TASK DIRECTIONS: Copy out exactly the lines below that run from the one holding "Yellow Confetti Banner" to the one holding "Image 1 of 1", keeping both of those lines and no others.

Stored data

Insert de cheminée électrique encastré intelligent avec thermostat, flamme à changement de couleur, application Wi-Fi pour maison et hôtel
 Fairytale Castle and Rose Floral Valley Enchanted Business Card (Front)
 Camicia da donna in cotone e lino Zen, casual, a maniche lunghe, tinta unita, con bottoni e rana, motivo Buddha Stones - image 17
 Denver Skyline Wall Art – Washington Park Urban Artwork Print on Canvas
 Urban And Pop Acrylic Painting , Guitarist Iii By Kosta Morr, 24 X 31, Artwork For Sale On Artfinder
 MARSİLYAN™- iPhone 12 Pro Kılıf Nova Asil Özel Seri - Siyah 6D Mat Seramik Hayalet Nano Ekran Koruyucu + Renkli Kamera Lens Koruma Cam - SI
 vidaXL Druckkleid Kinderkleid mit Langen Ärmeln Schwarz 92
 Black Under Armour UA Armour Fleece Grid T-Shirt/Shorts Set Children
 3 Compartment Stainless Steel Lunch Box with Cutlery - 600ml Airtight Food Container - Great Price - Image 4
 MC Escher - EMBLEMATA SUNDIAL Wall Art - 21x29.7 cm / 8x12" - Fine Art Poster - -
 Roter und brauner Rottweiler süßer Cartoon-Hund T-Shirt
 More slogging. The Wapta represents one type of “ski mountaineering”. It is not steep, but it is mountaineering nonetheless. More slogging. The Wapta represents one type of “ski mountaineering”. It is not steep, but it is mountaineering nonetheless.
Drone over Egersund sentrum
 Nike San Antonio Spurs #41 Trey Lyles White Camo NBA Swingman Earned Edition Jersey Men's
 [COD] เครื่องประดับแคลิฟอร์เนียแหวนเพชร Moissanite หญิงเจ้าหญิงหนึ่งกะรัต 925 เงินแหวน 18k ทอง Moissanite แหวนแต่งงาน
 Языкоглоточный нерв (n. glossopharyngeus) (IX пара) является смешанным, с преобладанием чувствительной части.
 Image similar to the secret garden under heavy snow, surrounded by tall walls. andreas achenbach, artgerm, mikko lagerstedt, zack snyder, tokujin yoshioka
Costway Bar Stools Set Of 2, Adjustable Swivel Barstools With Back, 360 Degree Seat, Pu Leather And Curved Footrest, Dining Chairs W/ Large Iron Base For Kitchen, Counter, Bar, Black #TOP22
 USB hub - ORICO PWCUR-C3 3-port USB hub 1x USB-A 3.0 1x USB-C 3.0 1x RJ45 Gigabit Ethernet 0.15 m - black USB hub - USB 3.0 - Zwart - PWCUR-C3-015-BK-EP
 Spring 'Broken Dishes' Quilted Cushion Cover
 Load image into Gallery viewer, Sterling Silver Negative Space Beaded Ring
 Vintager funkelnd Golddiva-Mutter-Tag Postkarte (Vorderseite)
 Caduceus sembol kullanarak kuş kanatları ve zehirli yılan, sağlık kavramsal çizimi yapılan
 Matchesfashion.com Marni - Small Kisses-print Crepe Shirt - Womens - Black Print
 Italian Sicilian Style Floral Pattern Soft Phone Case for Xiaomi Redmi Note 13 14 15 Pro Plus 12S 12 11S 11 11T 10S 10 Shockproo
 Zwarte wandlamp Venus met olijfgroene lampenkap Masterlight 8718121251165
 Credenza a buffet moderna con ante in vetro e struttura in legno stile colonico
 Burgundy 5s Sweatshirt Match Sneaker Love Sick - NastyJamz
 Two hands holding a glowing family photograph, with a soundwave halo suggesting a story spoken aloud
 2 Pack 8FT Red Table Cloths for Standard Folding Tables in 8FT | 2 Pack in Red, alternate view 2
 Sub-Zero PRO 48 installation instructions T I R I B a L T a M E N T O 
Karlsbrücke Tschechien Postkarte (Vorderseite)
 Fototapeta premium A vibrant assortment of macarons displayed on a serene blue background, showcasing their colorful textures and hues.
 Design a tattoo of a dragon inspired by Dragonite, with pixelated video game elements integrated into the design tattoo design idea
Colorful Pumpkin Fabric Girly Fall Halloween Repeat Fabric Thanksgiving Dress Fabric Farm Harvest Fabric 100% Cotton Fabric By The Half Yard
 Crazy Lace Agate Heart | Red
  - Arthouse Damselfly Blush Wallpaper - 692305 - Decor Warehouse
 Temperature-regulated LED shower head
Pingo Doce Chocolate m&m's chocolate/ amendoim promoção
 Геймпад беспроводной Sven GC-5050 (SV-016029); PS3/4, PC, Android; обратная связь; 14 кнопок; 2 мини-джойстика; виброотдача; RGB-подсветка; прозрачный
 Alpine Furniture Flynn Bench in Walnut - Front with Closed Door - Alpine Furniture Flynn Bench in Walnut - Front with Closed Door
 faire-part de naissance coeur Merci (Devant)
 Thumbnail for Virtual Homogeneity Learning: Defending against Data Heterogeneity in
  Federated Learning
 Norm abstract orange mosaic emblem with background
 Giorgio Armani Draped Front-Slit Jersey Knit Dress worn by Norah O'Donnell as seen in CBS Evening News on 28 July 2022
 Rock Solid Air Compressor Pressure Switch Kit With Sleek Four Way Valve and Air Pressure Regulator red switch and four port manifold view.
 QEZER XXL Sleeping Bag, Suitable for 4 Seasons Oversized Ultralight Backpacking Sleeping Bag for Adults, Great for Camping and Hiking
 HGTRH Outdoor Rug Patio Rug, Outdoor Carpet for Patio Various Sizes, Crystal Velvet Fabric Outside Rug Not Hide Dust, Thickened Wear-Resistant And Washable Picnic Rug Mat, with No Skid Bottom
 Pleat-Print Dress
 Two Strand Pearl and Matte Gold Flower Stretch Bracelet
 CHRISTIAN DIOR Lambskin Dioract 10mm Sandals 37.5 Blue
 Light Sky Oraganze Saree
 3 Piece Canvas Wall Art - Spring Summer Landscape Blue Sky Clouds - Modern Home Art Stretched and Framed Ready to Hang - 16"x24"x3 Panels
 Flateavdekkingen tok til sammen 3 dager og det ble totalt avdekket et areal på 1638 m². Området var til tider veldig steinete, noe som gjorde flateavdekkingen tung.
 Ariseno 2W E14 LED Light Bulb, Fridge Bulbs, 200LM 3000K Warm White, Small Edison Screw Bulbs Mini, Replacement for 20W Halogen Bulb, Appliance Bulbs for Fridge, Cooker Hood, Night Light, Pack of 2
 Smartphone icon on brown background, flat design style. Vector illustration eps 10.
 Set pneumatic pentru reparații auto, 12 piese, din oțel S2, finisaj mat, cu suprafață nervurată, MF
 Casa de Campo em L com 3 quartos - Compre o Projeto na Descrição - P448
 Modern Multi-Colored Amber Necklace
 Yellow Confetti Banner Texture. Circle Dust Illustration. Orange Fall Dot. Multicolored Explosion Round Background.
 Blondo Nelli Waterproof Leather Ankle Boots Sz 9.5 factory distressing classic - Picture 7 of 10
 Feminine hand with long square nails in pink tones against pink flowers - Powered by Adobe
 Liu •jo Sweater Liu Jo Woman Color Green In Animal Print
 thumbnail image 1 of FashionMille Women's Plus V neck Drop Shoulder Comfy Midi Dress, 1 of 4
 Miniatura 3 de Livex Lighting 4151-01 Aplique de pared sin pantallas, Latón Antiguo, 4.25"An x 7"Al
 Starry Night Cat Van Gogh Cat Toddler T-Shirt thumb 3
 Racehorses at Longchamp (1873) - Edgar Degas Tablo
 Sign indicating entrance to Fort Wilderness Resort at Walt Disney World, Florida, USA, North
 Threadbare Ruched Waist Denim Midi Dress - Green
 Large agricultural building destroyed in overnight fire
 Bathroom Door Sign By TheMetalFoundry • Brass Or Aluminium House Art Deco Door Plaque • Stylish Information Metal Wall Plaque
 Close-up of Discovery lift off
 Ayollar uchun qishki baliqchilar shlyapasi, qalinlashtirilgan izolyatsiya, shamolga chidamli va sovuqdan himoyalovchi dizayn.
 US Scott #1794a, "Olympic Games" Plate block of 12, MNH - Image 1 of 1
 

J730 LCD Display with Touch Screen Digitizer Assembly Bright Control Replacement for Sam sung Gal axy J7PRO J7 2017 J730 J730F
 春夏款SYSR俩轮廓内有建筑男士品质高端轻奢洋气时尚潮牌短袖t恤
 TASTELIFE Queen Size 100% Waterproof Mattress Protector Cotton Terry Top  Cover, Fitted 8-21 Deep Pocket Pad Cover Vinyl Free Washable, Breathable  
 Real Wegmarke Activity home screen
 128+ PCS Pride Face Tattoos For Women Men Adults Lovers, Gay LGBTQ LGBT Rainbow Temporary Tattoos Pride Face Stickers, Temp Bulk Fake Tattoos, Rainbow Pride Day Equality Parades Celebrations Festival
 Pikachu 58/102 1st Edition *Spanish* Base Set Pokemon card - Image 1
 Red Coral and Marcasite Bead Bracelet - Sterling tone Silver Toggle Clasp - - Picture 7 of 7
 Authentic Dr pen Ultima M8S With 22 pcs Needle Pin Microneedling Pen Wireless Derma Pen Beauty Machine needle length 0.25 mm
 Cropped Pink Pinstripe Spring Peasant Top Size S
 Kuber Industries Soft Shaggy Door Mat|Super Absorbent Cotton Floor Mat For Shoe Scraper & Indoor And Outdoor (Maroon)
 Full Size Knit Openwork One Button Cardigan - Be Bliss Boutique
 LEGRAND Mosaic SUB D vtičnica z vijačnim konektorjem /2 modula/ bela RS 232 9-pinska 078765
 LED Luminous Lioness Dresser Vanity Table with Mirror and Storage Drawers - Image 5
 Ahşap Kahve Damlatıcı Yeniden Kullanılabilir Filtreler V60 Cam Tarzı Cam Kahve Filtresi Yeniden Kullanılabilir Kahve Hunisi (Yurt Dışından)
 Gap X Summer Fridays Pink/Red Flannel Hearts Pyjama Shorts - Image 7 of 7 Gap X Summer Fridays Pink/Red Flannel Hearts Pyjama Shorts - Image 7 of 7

ANSWER SECTION:
 Yellow Confetti Banner Texture. Circle Dust Illustration. Orange Fall Dot. Multicolored Explosion Round Background.
 Blondo Nelli Waterproof Leather Ankle Boots Sz 9.5 factory distressing classic - Picture 7 of 10
 Feminine hand with long square nails in pink tones against pink flowers - Powered by Adobe
 Liu •jo Sweater Liu Jo Woman Color Green In Animal Print
 thumbnail image 1 of FashionMille Women's Plus V neck Drop Shoulder Comfy Midi Dress, 1 of 4
 Miniatura 3 de Livex Lighting 4151-01 Aplique de pared sin pantallas, Latón Antiguo, 4.25"An x 7"Al
 Starry Night Cat Van Gogh Cat Toddler T-Shirt thumb 3
 Racehorses at Longchamp (1873) - Edgar Degas Tablo
 Sign indicating entrance to Fort Wilderness Resort at Walt Disney World, Florida, USA, North
 Threadbare Ruched Waist Denim Midi Dress - Green
 Large agricultural building destroyed in overnight fire
 Bathroom Door Sign By TheMetalFoundry • Brass Or Aluminium House Art Deco Door Plaque • Stylish Information Metal Wall Plaque
 Close-up of Discovery lift off
 Ayollar uchun qishki baliqchilar shlyapasi, qalinlashtirilgan izolyatsiya, shamolga chidamli va sovuqdan himoyalovchi dizayn.
 US Scott #1794a, "Olympic Games" Plate block of 12, MNH - Image 1 of 1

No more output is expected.